Marfan syndrome is one of the most common single gene abnormalities. First described by Antoine Marfan 118 years ago, the syndrome has shown remarkable pleiotropisms because it is being recognized more widely in “asymptomatic” individuals. Seventy to eighty percent of affected individuals develop aortic root dilatation and somewhat fewer patients develop mitral and aortic valve abnormalities, which account for the gravest manifestations of this connective tissue disease. In addition to the commonly found skeletal manifestations, dural ectasia is reported in > 90% of patients on MRI and CT scan studies.

After nearly 80 years since the initial diagnosis of the syndrome, on somewhat inconsistent phenotypic criteria, a consensus document, the Berlin nosology, attempted to standardize the phenotypic diagnosis. A more recent and more detailed revision, the Ghent Criteria in 1996, facilitated a more specific and sensitive phenotypic diagnosis of Marfan syndrome; the criteria include available genetic data. Microfibrills have been thought to contribute to the structural integrity of connective tissue. In the late 1980s, quantitative elastin-associated microfibrillar analysis of skin fibroblasts via indirect immunoflourescence staining pointed to a deficiency of the glycoprotein, fibrillin, as the possible cause of Marfan syndrome.

More recently, it has been demonstrated that normal fibrillin-1 contributes to cell signaling activity by binding to the protein transforming growth factor beta (TGF-β).

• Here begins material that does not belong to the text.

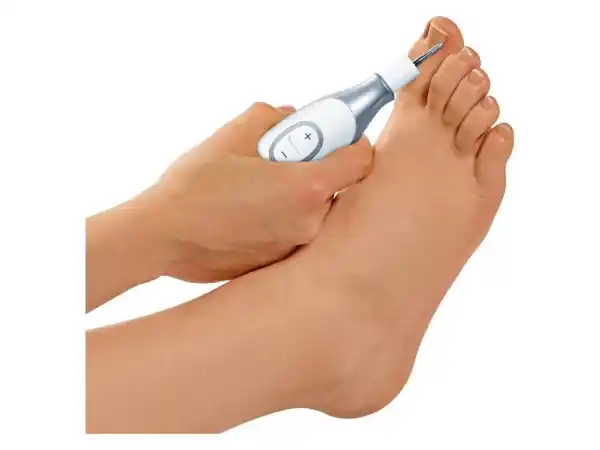 Bild 3 von SANITAS Maniküre-Pediküre Set »SMA 38«, inkl. 7 Aufsätze aus Saphir und Filz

Abnormal TGF-β regulation and gene expression have deleterious effects on arterial wall development as well as on extracellular matrix formation. It has been demonstrated that abnormal as well as deficient fibrillin and excessive TGF-β levels weakens cardiovascular tissues and causes the features of Marfan syndrome. It has been demonstrated that angiotensin II receptor antagonists (ARBs) also reduce TGF-β, ARBs (e.g., losartan) in the animal lab, and reduced and even reversed (in some cases) aortic root dilatation. Losartan is being evaluated in a small study of pediatric Marfan syndrome patients. The results will be available in the near future.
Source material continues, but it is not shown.